With the intention of gaining insights into the Vijayanagara Empire through objects from the Sarmaya collection, we reached out to Sr Verghese, who made a selection of nine objects from our archive: eight photographs and a map. In this conversation, she uses these objects to illustrate what makes Vijayanagara art and architecture unique, while also drawing our attention to secrets and stories hidden in plain sight at Hampi.
When did Hampi first come to be recognised as a site of archeological importance?
“After Vijayanagara was defeated in the Battle of Talikota in 1565, Hampi passed through various hands including the Deccan sultans, Aurangzeb, the Mughals, Hyder Ali and Tipu Sultan. After the defeat of Tipu, the present-day Bellary district (including Hampi) was ceded to the British by the Nizam, and in turn became part of the Madras Presidency. It was only from 1800 onwards, after Hampi came under the British rule, that work on the site really began. Col. Colin Mackenzie, who made the first documented official visit to the site between 1800 and 1801, got three maps made, one of which survives and is considered the oldest map of the city.
“This map from Sarmaya’s cartography collection is from 1929, which is also fairly early, and it gives us an idea of the core area of the city. This includes everything south of the Tungabhadra river—a large area spanning 25 square kilometres from Hampi village in the north near the Virupaksha temple, to Kamalapuram in the south. This, of course, is not the whole capital, which would include a wider suburban area. When compared with the modern map of the site, you will see that it is practically the same, with its lines of fortification, an intact urban core and parts of what is known as the royal center having survived.
“Col. Alexander Greenlaw, who visited Hampi between 1855 and 1856, took a large number of photographs of the site. There are no original positives of those and the photographs themselves had disappeared—only the negatives of 1855-56 had survived. In the 1980s, these negatives were found and developed, and those would be considered the earliest photographs of the site. The earliest ones of which we have positives and prints available are those taken around 1856 by Dr William Henry Pigou and Dr ACB Neill for the publication Architecture In Dharwar and Mysore.”

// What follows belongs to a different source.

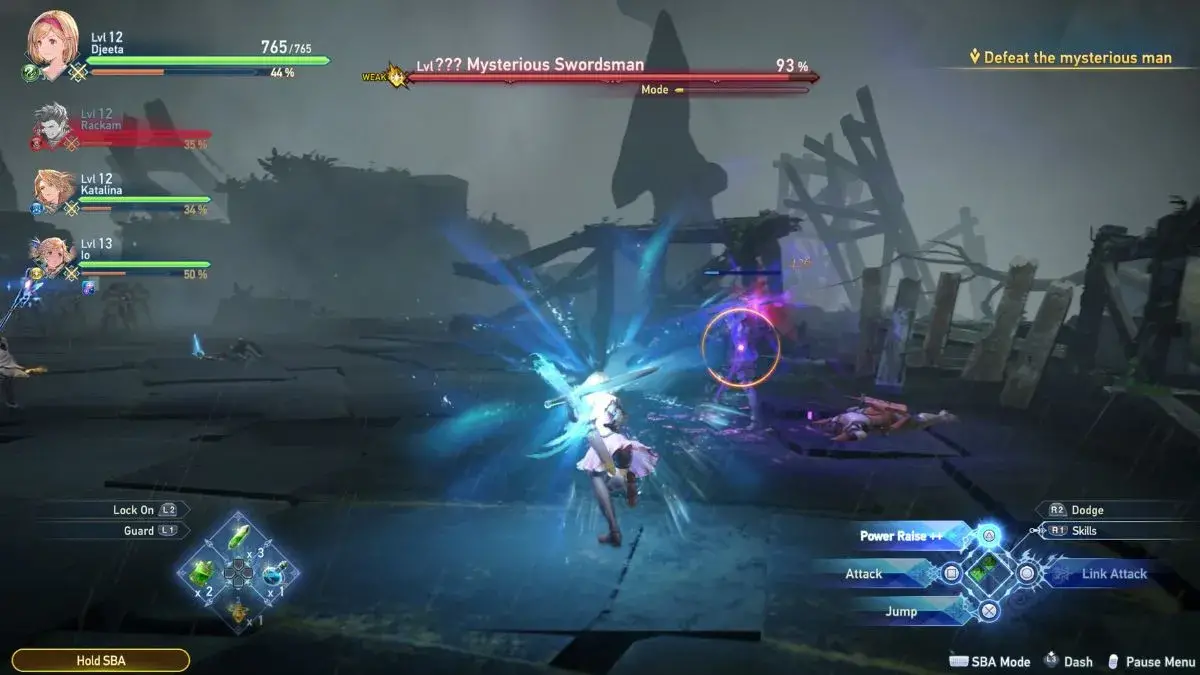 misterioso spadaccino id boss battle in granblue fantasy relink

Would you say the Virupaksha temple with its elaborate gopura is a typical example of Vijayanagara architecture?
“Virupaksha is a patron deity of the site and while there is documented proof of the Virupaksha cult from the 12th century onwards, it was only later that the Vijayanagara kings adopted the deity and expanded the temple complex. This is one of Hampi’s oldest temples and the only major one where worship still goes on.
“The great gopura of the Virupaksha temple is considered a landmark of Hampi. It is seen from the east in this photograph by Dr Pigou taken in 1856. The gopura looks more or less the same today except for some construction that has come up right behind it.
“Most people think this gopura is from the Vjayanagara period. Our research, however, proves that temples of the Vijayanagara period never had such big gopuras and this one has nine stories. Also, gopuras of this period never had arches while this one does. So what stands now is, probably, a reconstruction dating to the time of around Tipu, between the 18th and 19th centuries.”
Does the ‘Street of Pilgrims’ Houses’, as seen in Dr ACB Neill’s photograph, look the same today?
“This is the street leading up to the Virupaksha temple and one that Dr ACB Neill has rightly called the Street of Pilgrims’ Houses. It is also referred to as chariot street, it’s 732 meters long and 10.6 meters wide with double-storey pavilions on either side. Portuguese traveller Domingo Paes, who visited Hampi in 1520, described it as “a very beautiful street of very beautiful houses with balconies and arcades, in which are sheltered the pilgrims that come to it.”
“When I first visited Hampi in 1983, there were shops along this street built in front of the arcades. In 2015, government authorities decided to break the shops down in order to reveal the original arcades. In the process, however, they also broke down some of the original arcades. This is what happens with some of these conservation efforts (laughs).”
What can you tell us about this photograph of Hanuman?
“Hanuman is also an important deity of the site because Hampi is believed to be the Kishkinda of Ramayana—there are a few other places also identified as Kishkinda, Hampi being one of them. The Anjenadri hill, located to the north of the Tungabhadra river, is believed to be the birthplace of Anjaneya or Hanuman. Numerous sculptures of Hanuman are found all over the site.
“This is a very early photograph depicting a local form of Hanuman called Veera Anjaneya or heroic Anjaneya. Here Hanuman strides out in a heroic pose to protect the city and Rama. He is almost always carved in profile with his right hand raised and left hand at the waist holding a lotus flower. His tail is curled over his head and sometimes there is a demon below his feet.”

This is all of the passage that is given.